• Part of the PhD-Workshop «Imagination as a Site of Struggle»
Now automated web traffic, or bots, reached half of all website traffic and has increased year over year; forum platform-based conspiracy theorists refer to this as the Dead Internet, where bots write and read bot-generated content by and for the bots. The web is now crawling with these lifeless bots and is no longer living. The bots are talking amongst themselves and we’re just eavesdropping, bugs on the wall. During this presentation I will explore what affordances make it possible, or inversely impossible, to imagine ourselves and how to better use the machine to dream. Early queer web publishers imagined futures in the non-linear hypertext, where creators could write, erase, and rewrite their work - making users not simply readers, consumers but also authors and publishers. These inherent qualities of the web are limited by platforms, where templates and moderation make platforms more “user-friendly,” but what is lost to proprietary black box software (or obfuscated, made invisible) to make something more “usable” and for which users? In using code to hack, I will explore code-based narratives about legibility by the machine (browser) and how CSS separates the appearance from the body (HTML). How can code be clearly "read" by machines but less clearly “read” by its more human readers, and how the gap between code and its interpretation by man or machine can become a place for trans imagination?

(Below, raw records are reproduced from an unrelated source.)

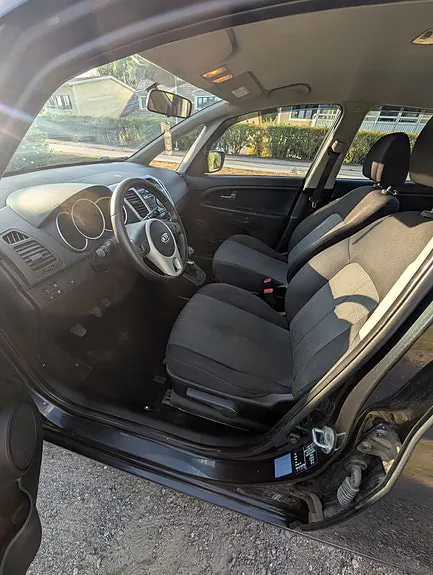 Kia Venga 2010 photo 4
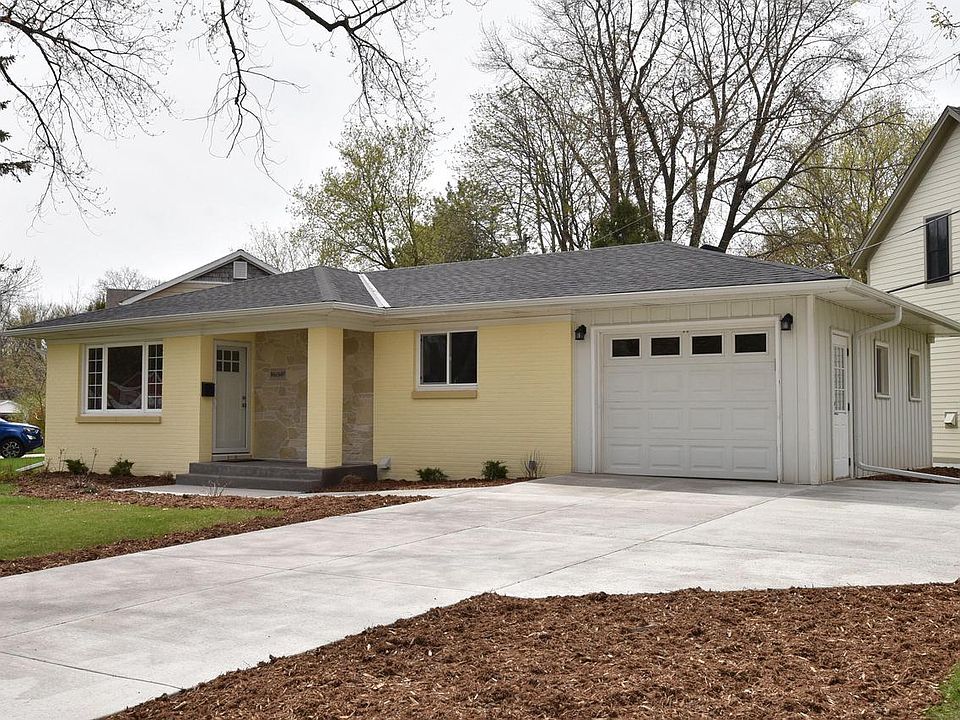 W66N497 Madison AVENUE, Cedarburg, WI 53012 Zillow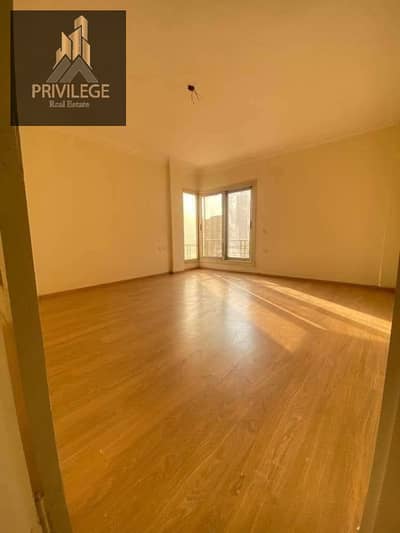 For sale, a licensed administrative office of 155m in Maadi, Super Lux, a prime location for a unique opportunity for investors.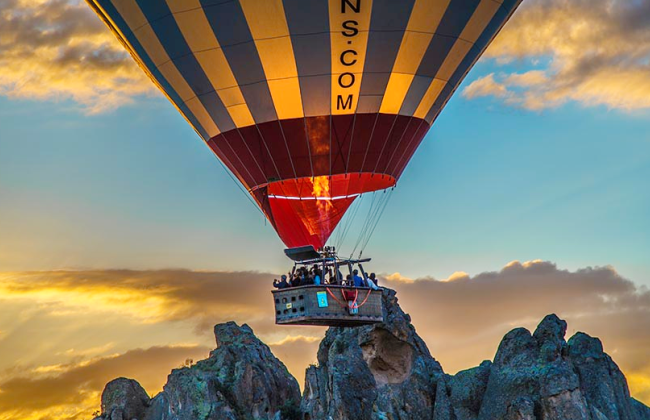 Полет на воздушном шаре в Каппадокии теперь можно заказать через такси: что известно
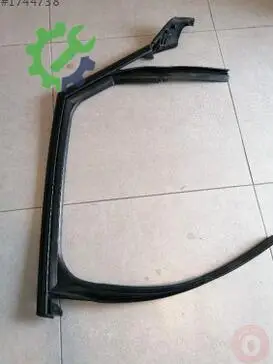 Audi A6 Kapı Çıtası 4G5839431 çıkma parça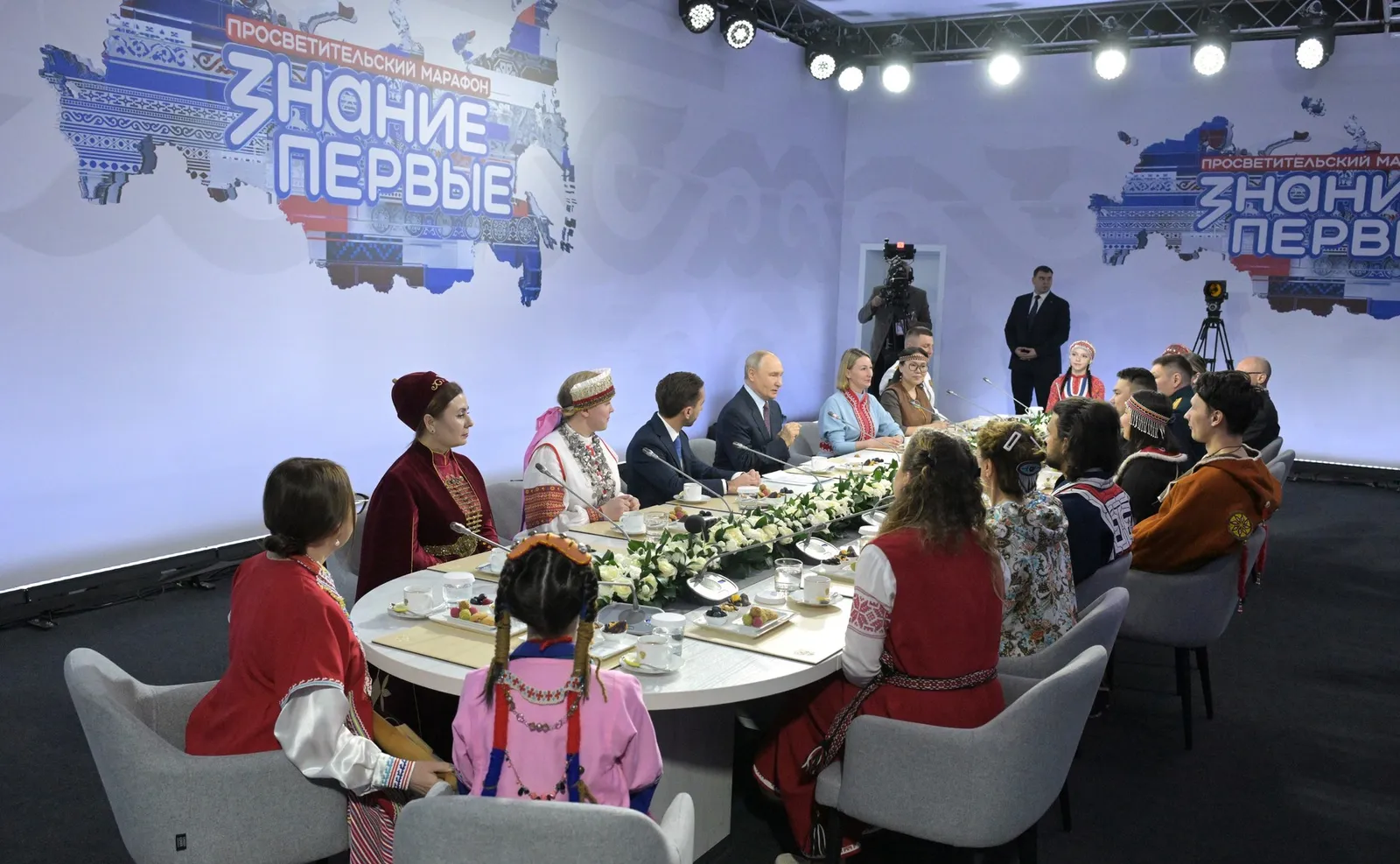 Владимир Путин встретился с представителями малочисленных народов России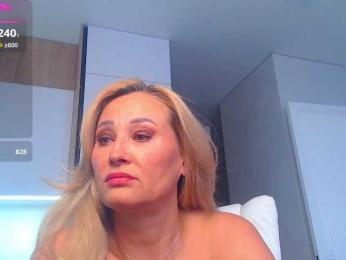 hold-me-tight — Bongacams recorded stream screenshot (13 Feb 2025)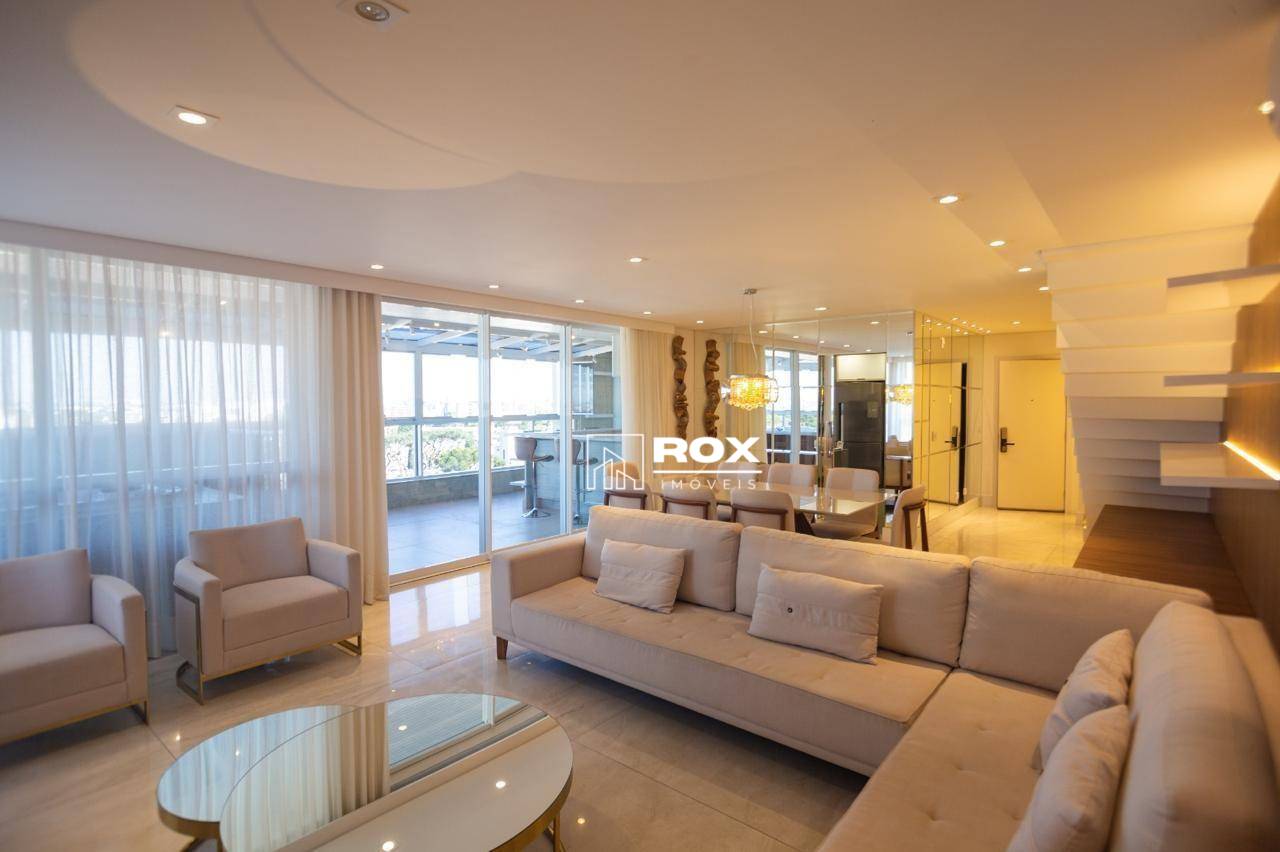 Cobertura, 3 quartos, 247 m² - Foto 1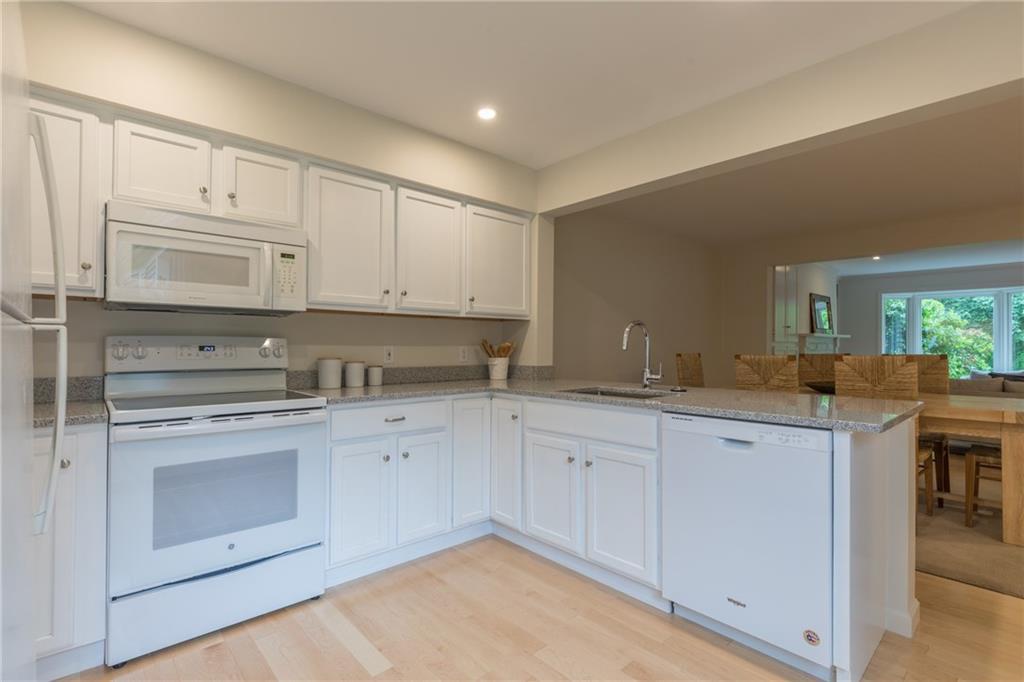 41 Foreside Common Road, Unit 41B Falmouth, ME 04105 - Photo 10 of 23 Photo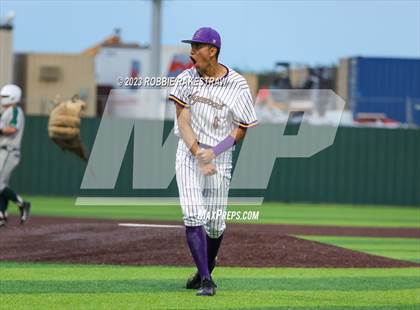 Thumbnail 1 in Edgewood vs. Scurry-Rosser (UIL 3A Area Playoff) photogallery.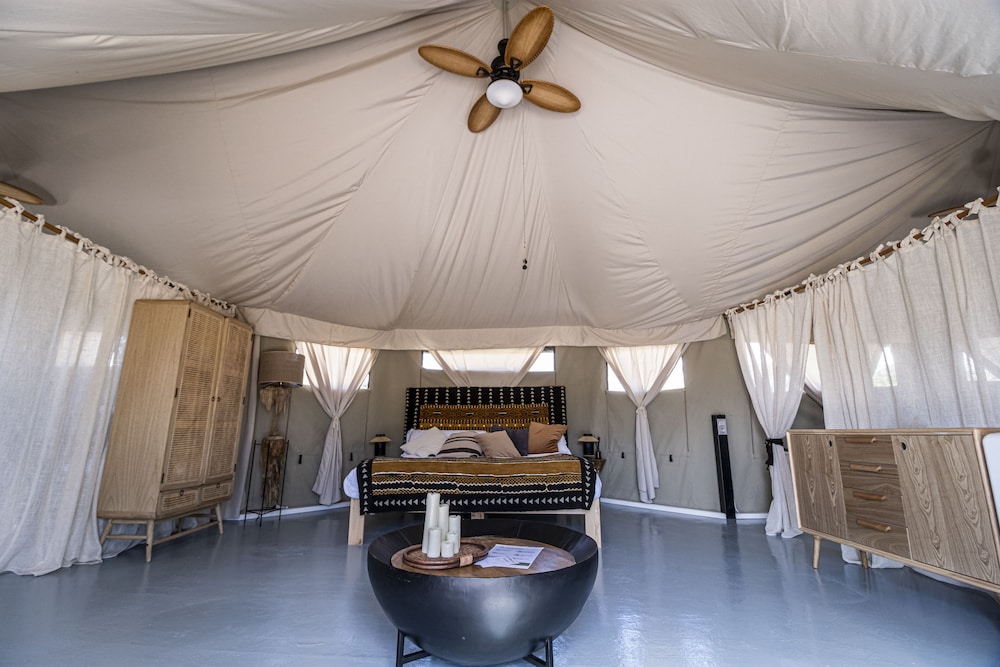 el toril glamping experience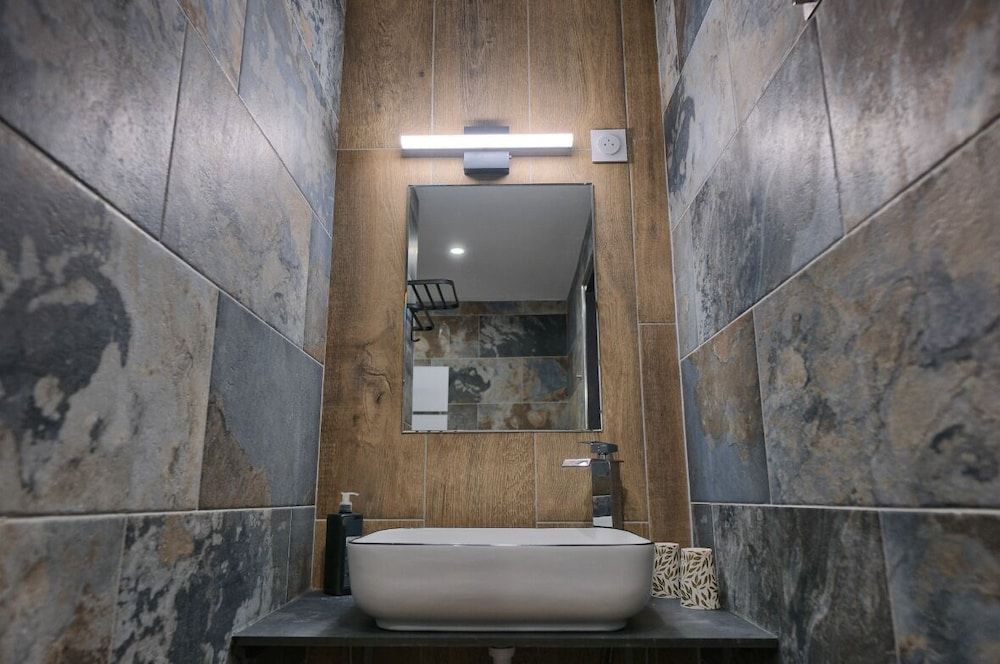 Hôtel & SPA Le Gambetta, Centre-ville, Bergerac Comfort Double Room (160 cm bed) 12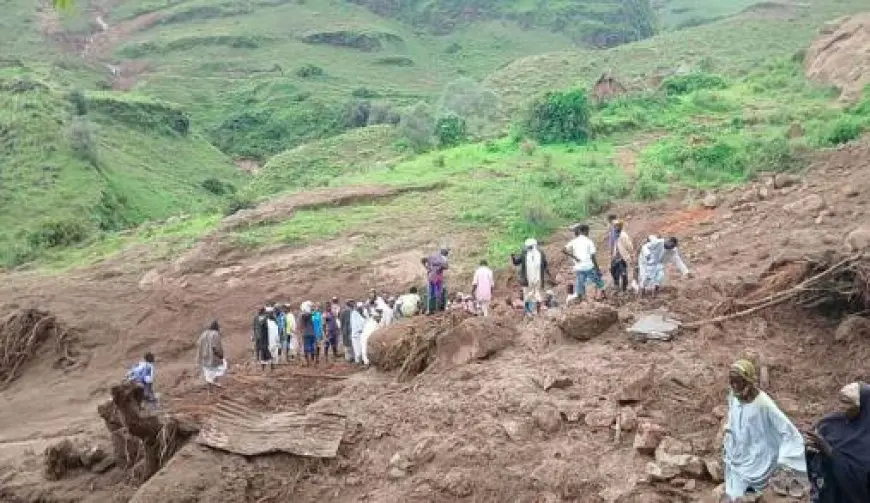 السلطات السودانية تدفن المئات من ضحايا انهيار أرضي في دارفور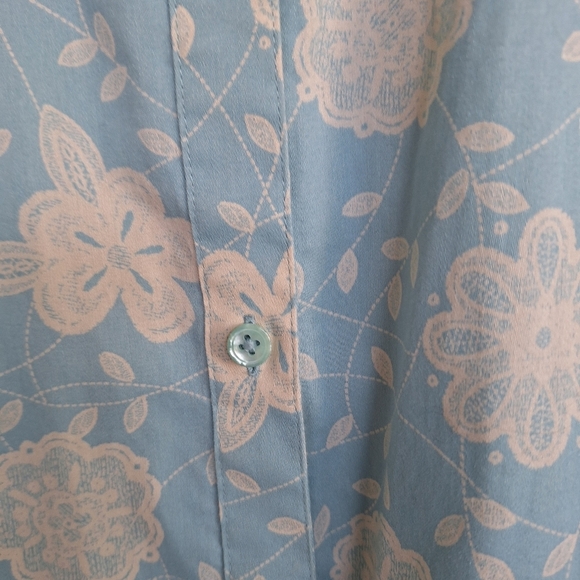 Coldwater Creek Baby Blue Blouse/Wht Floral Collar/Cuffs Cotton Button Front - Picture 5 of 8
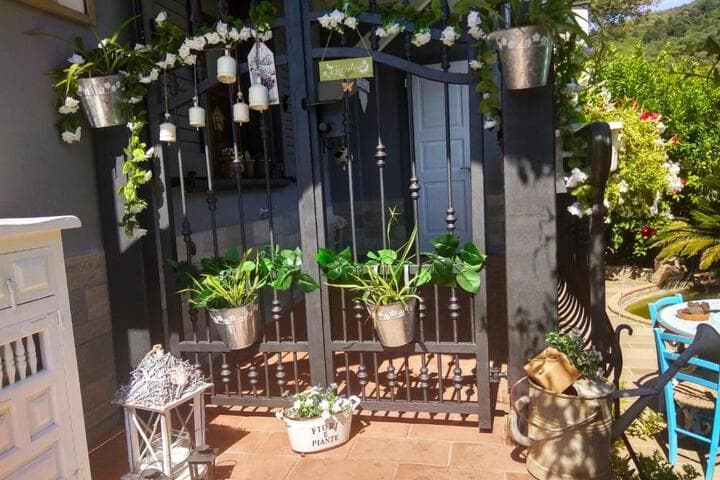 jasmine cottage photo 2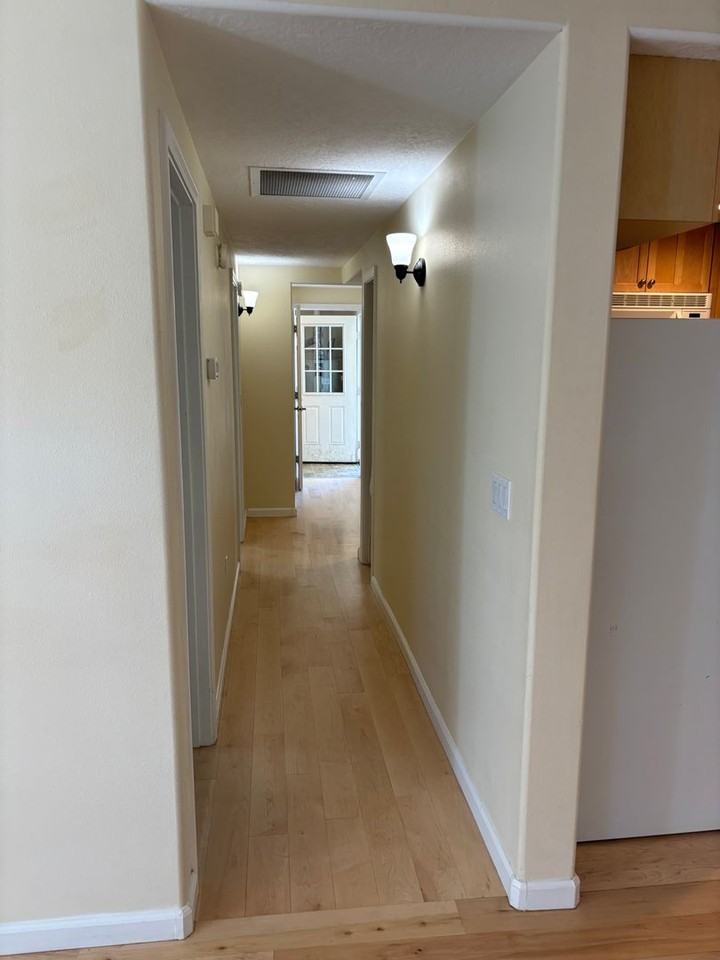 1069 Nw Milwaukee Ave - Photo 2 of 15
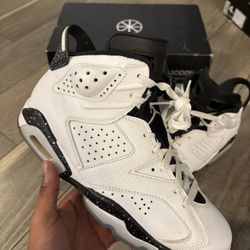 Retro Air Jordan 6 Reverse Oreo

Chair: Helen V. Pritchard, Shaka McGlotten, Ines Kleesattel, and Lucie Kolb.
Biography
My name is Emil Woudenberg, I’m an artist, designer and hacker from Toronto, currently residing in London. Since 2016, I have worked under the name Strike Design Studio, designing brands, websites, and printed matter. My transdisciplinary practice focuses on independent, queer, do-it-yourself, de-platformed, open-source urgent digital publishing. In my practice-led research, I explore these not-so-new alternative radical online space(s), their technicality, the communities that occupy them and their politics. Previously, I developed an AI drag-narrated audiobook called The Website Owner’s Manual—a do-it-yourself guide for independent, queer, decentralized, and de-platformed publishing on the web. This manual manifesto is an instructional book and a political text that empowers readers with the tools to create, repair and dream. I have worked with institutions like Temple Contemporary, Sam Fox School, East Side Projects, The Bentway, MOCA Toronto, Printed Matter's Art Book Fair, and Art Metropole. I have completed residencies with Montez Press, SuperHi, Trinity Square Video, Digital Justice League, AkinxMOCA, and Whippersnapper Gallery. Recently, I participated in the School for Poetic Computation course Solidarity Infrastructures, Hackers and Designers (H&D), and I am a current member of the Somerset House Exchange program.